▸ Problem requirements: Before repeating the entries below, strip out every picture and keep all else as it is.

▸ Source records:
------------------------------------------------

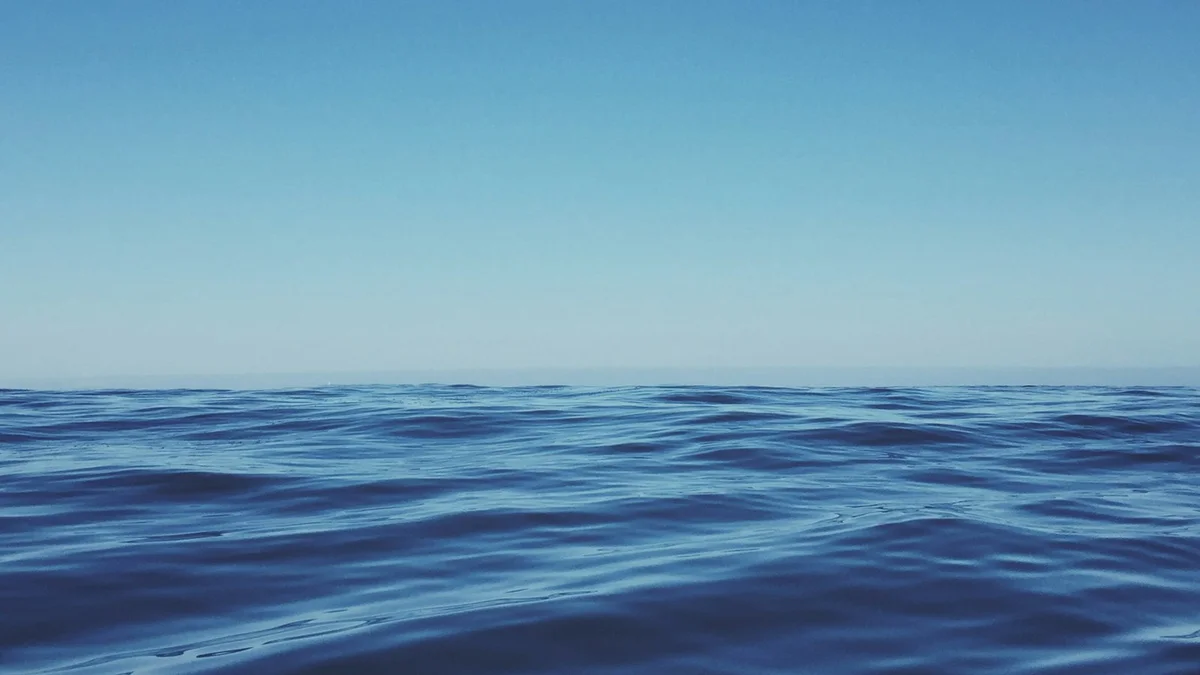 A wide expanse of calm blue ocean meeting a clear blue sky at the horizon - a Quiet Core Reset guide to Burnout Recovery After Quitting.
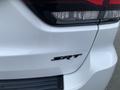 A white 2018 Jeep Grand Cherokee SRT showing the rear taillight and emblem on the back of the vehicle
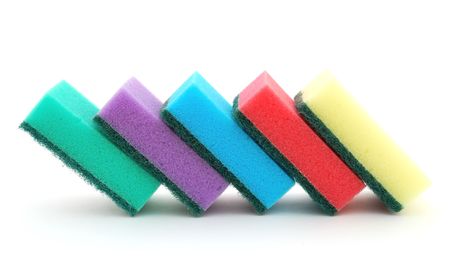 Stack of sponges on white background.の写真素材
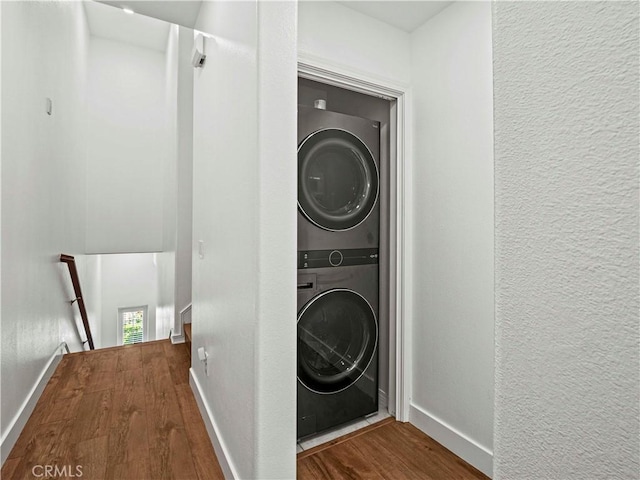 washroom with baseboards, laundry area, stacked washing maching and dryer, and wood finished floors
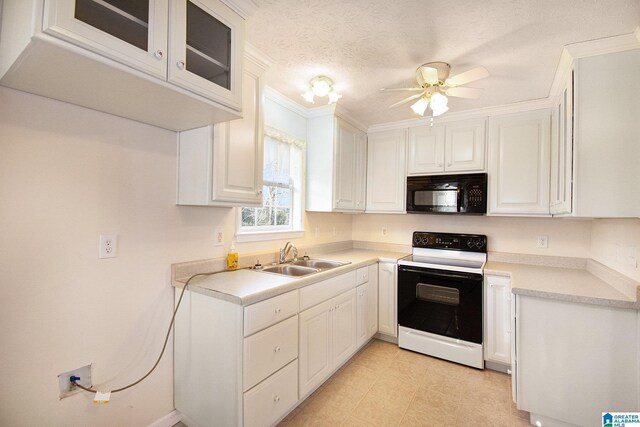 kitchen featuring a sink, white cabinets, black microwave, and electric range oven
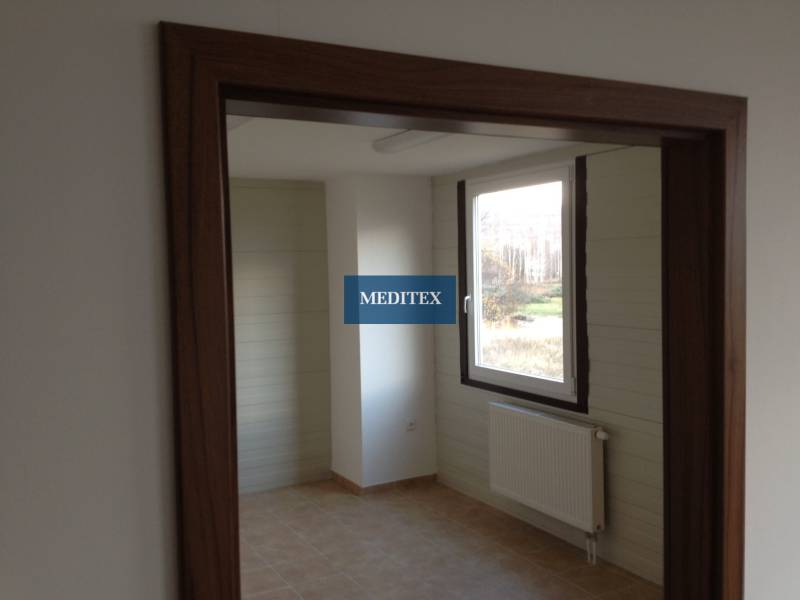 Room with a door frame, window, and radiator in storage and warehouse spaces.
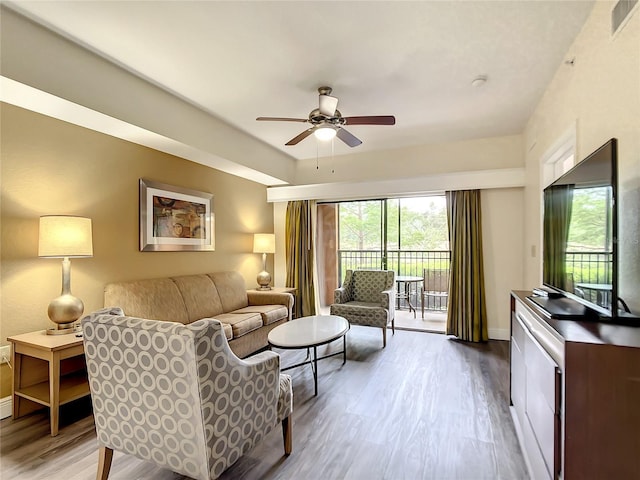 living room with wood-type flooring and ceiling fan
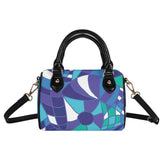 Stylish Boston Mini barrel-shaped satchel handbag with abstract geometric Kume pattern in shades of blue, purple, and teal, featuring black handles and removable shoulder strap. Retro Chic Blissfully Brand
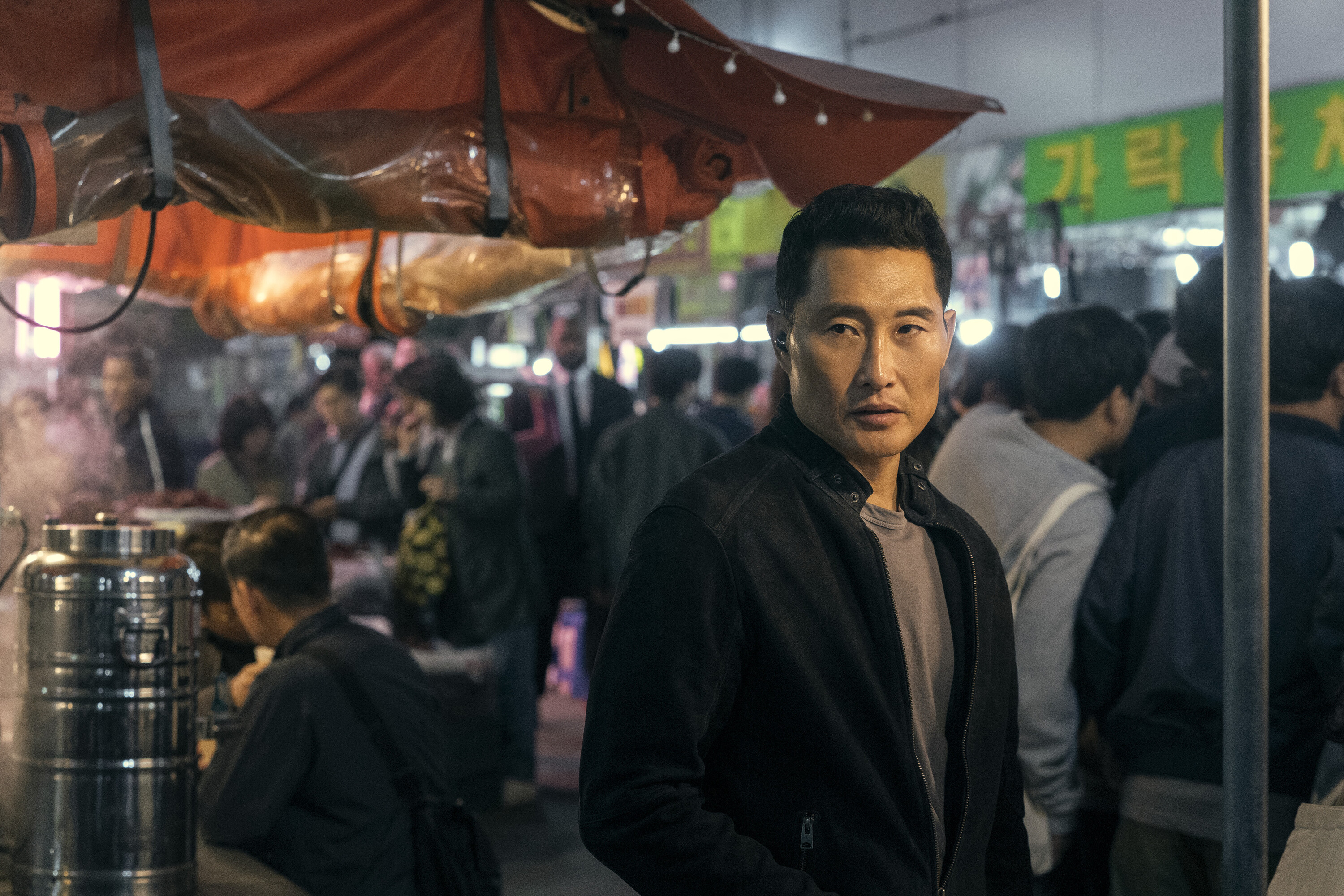 Daniel Dae Kim as David, standing in a busy city street in Korea, in 'Butterfly' on Prime Video.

------------------------------------------------

▸ Finished exercise:
 A wide expanse of calm blue ocean meeting a clear blue sky at the horizon - a Quiet Core Reset guide to Burnout Recovery After Quitting.
 A white 2018 Jeep Grand Cherokee SRT showing the rear taillight and emblem on the back of the vehicle
 Stack of sponges on white background.の写真素材
 washroom with baseboards, laundry area, stacked washing maching and dryer, and wood finished floors
 kitchen featuring a sink, white cabinets, black microwave, and electric range oven
 Room with a door frame, window, and radiator in storage and warehouse spaces.
 living room with wood-type flooring and ceiling fan
 Stylish Boston Mini barrel-shaped satchel handbag with abstract geometric Kume pattern in shades of blue, purple, and teal, featuring black handles and removable shoulder strap. Retro Chic Blissfully Brand
 Daniel Dae Kim as David, standing in a busy city street in Korea, in 'Butterfly' on Prime Video.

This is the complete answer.